■ **Work request**:
Give again, exactly as written, the lines of the records below from the line with "Дисплей в сборе для Asus FE380CXG-1A черный" to the line with "Image of Shokz". Both end lines count; pictures do not.

■ **Records to use**:
┄┄┄┄┄┄┄┄┄┄
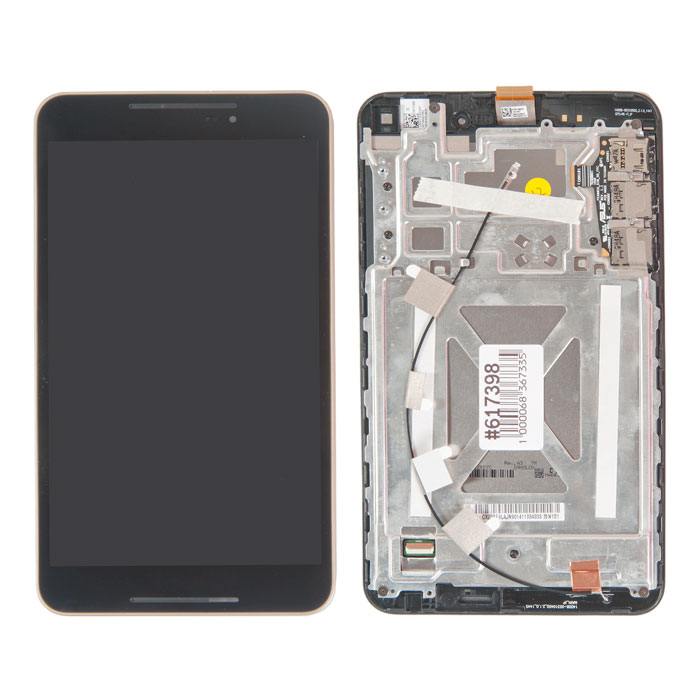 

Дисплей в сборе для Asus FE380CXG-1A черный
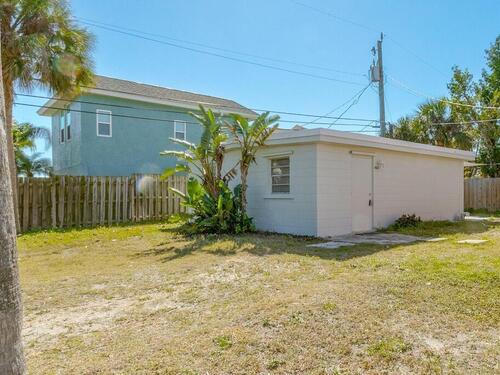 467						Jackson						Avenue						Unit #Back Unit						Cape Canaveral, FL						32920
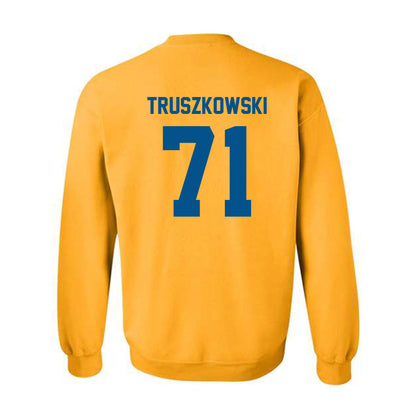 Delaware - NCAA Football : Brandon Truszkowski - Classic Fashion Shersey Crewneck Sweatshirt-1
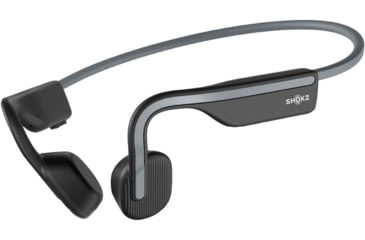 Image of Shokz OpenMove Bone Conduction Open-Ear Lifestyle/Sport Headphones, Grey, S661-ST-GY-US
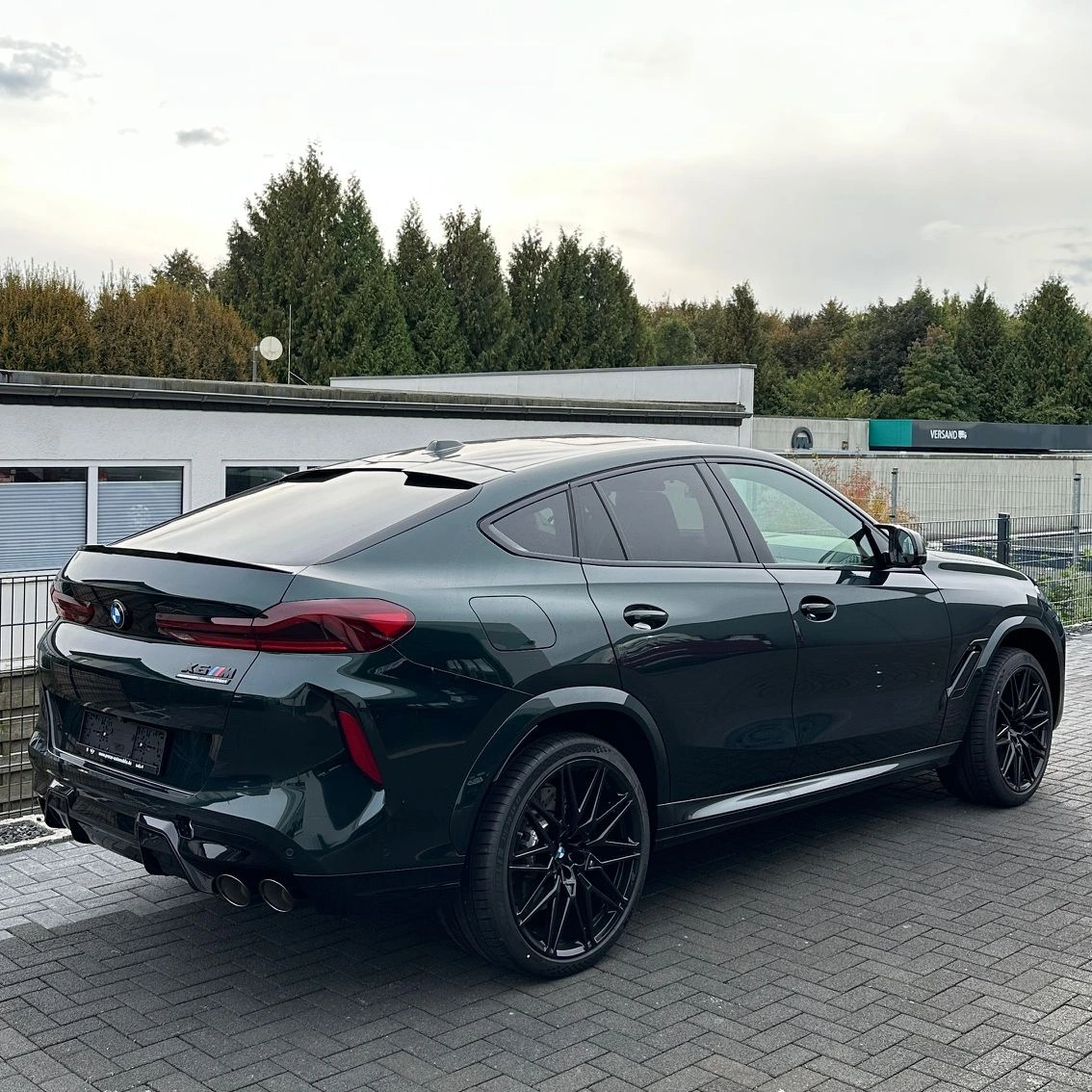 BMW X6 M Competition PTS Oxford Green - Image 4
┄┄┄┄┄┄┄┄┄┄
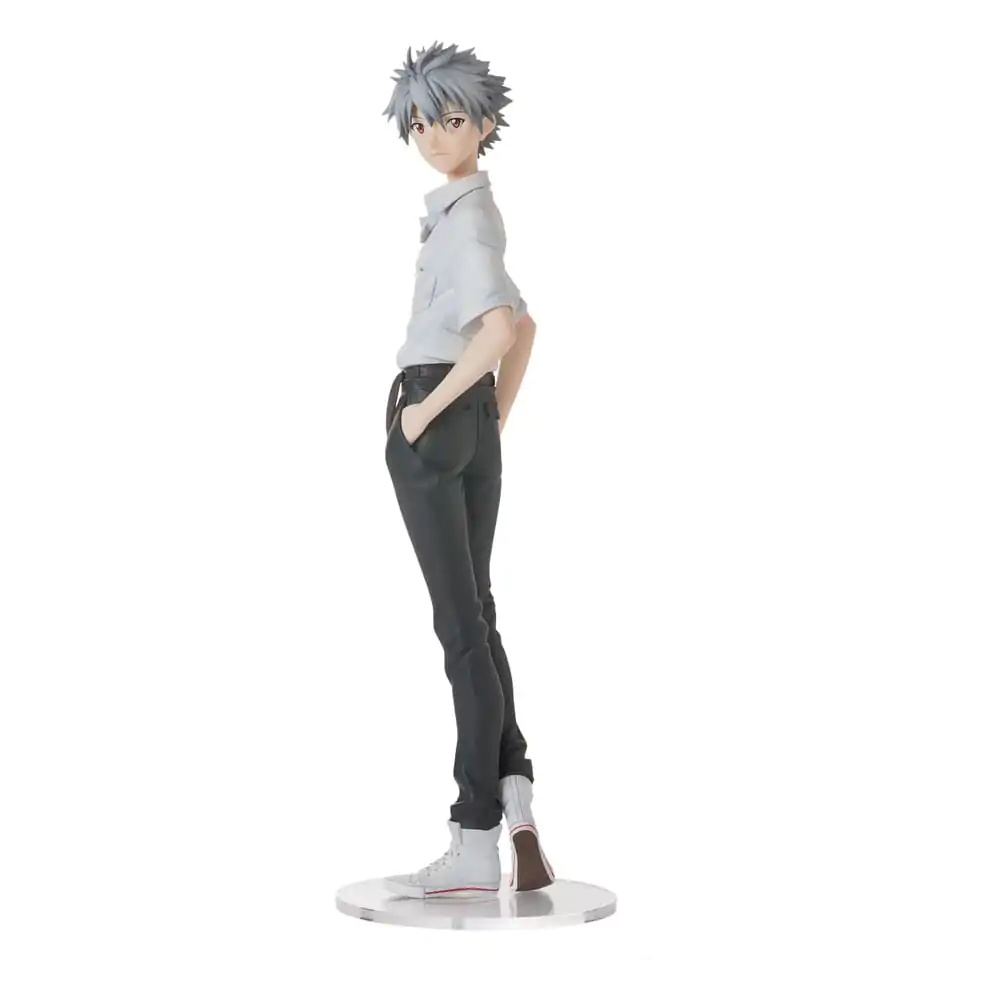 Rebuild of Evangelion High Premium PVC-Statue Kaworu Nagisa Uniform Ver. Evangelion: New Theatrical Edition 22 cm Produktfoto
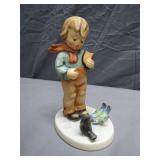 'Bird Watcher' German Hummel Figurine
┄┄┄┄┄┄┄┄┄┄
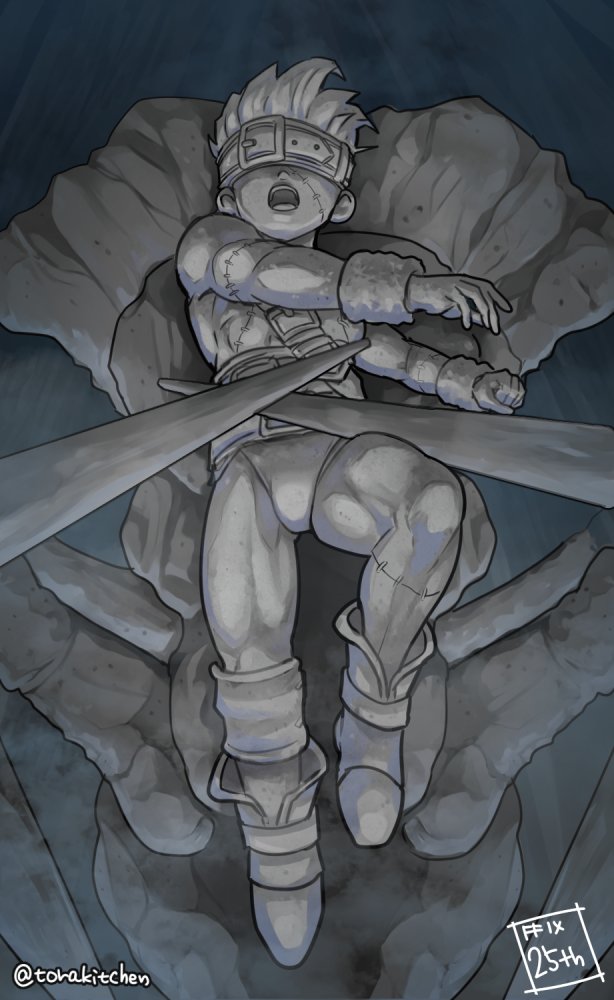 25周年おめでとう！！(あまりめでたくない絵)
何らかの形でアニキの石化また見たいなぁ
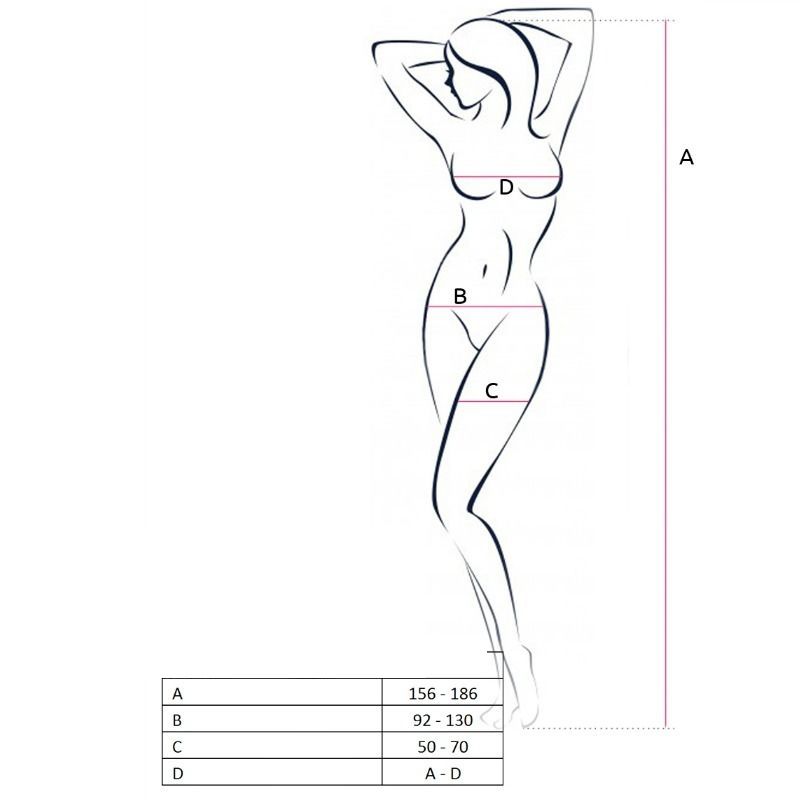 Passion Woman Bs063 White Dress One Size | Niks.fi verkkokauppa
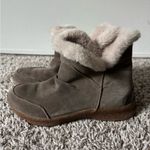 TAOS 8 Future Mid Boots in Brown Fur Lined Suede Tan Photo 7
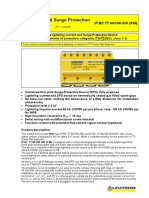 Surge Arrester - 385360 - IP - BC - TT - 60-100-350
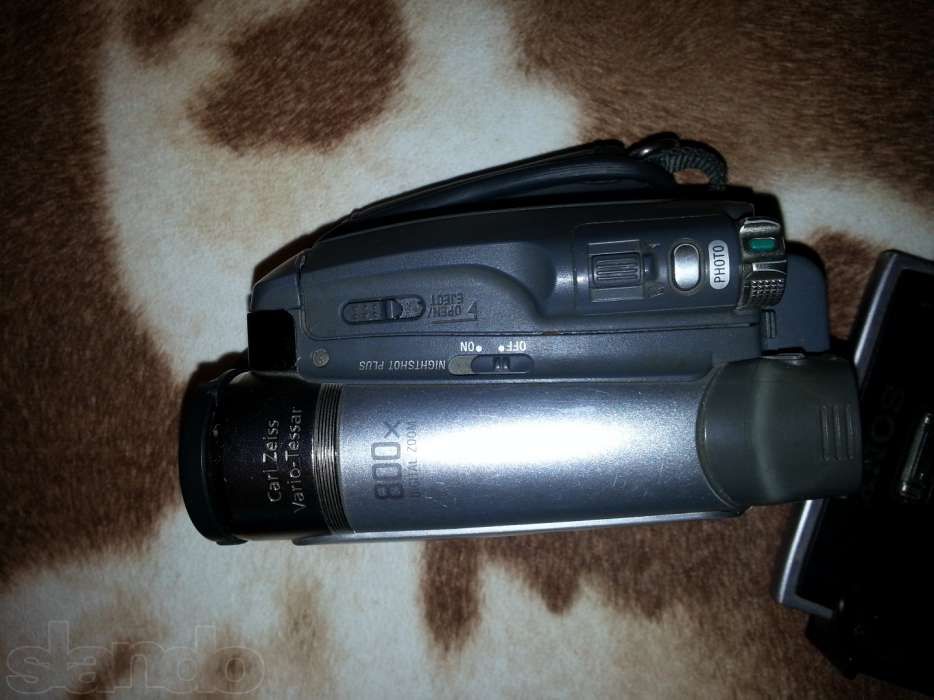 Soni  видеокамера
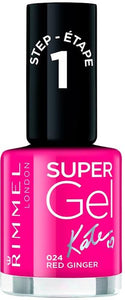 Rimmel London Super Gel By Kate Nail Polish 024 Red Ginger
┄┄┄┄┄┄┄┄┄┄
■ **Completed exercise**:
Дисплей в сборе для Asus FE380CXG-1A черный
 467						Jackson						Avenue						Unit #Back Unit						Cape Canaveral, FL						32920
 Delaware - NCAA Football : Brandon Truszkowski - Classic Fashion Shersey Crewneck Sweatshirt-1
 Image of Shokz OpenMove Bone Conduction Open-Ear Lifestyle/Sport Headphones, Grey, S661-ST-GY-US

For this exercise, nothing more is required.